He was the Catholic farmer who purposely got himself arrested by the Germans in 1940 so he could be sent to Auschwitz. The resistance movement he was part of knew little about the camp other than its high death rate, so this father of two took on the mission to gather intelligence from within, and possibly organise a breakout.
He couldn't have imagined what he was letting himself in for. Even without the gas chambers and the 'Final Solution' (decided on in 1942), early Auschwitz was a brutal place. Prisoners were almost casually clubbed to death, with Jews singled out for particularly harsh treatment alongside lawyers, doctors, and other professionals. Hard labour and starvation rations added to the appalling conditions. The death rates meant a lot of bodies to be disposed of, and the ever-practical Germans had built an onsite crematorium for just such a purpose.

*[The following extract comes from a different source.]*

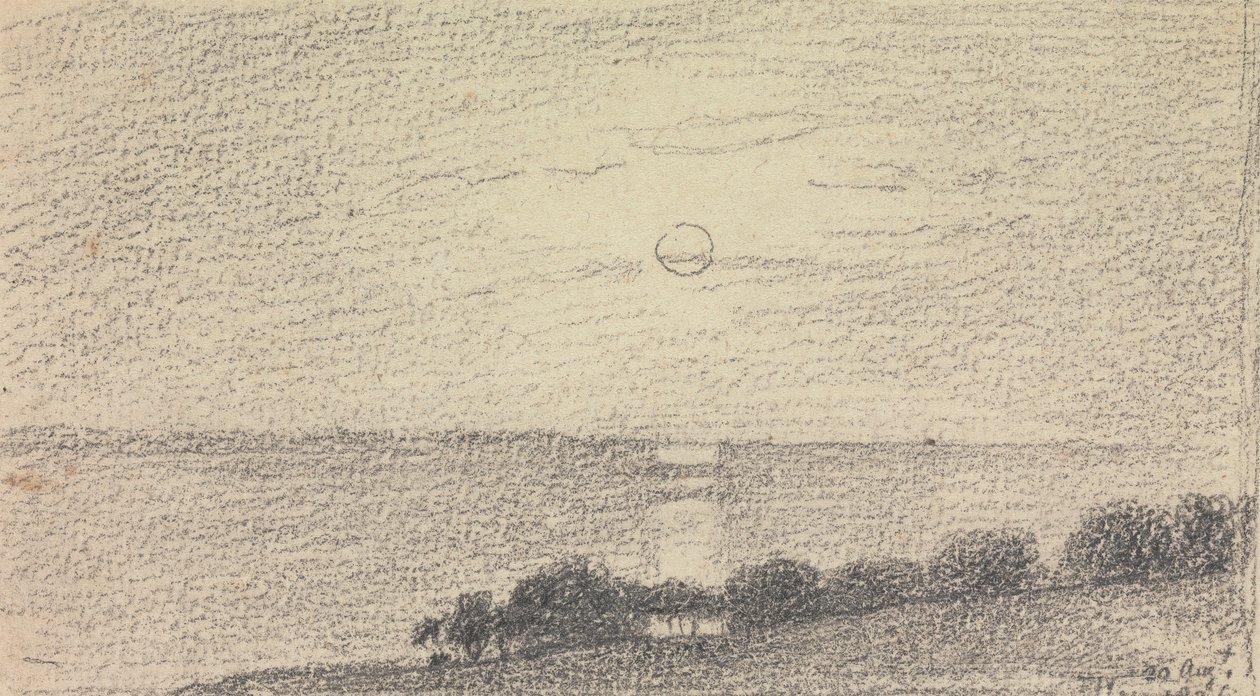 Skizze einer tiefstehenden Sonne über dem Meer, 20. August 1826 von Capt. Thomas Hastings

As Jack Fairweather's gripping account shows, none of this deflected Witold from his mission. Taken from Pilecki's own memoirs and accounts by those who knew him, a picture emerges of an incredible individual. A born leader with an eye for the greater good, in a place where prisoners were understandably prone to turning on each other, he weaponised kindness by helping to foster a culture of solidarity, working towards a more even distribution of food, and care for the weak.
Even after a year in that awful place, he worried that his family would find a way to get him out. As early as October 1940, he was able to get a reports about the camp to the resistance in Warsaw, who forwarded it to London. Pilecki was convinced that when those on the outside realised what was going on, an attack on Auschwitz would become a priority. He never knew why it didn't, and after two-and-a-half years, finally decided to break out and relate in person a story that now had additional chapters about huge numbers of Jews – including many children – being gassed.
Again, for all sorts of reasons, and to his extreme frustration, nobody acted. Myriad other war priorities, logistical difficulties, worries about anti-semitism in their own countries, and British attempts to keep a lid on the situation in Palestine, are among the reasons Fairweather gives for the Allies' lack of action on Auschwitz.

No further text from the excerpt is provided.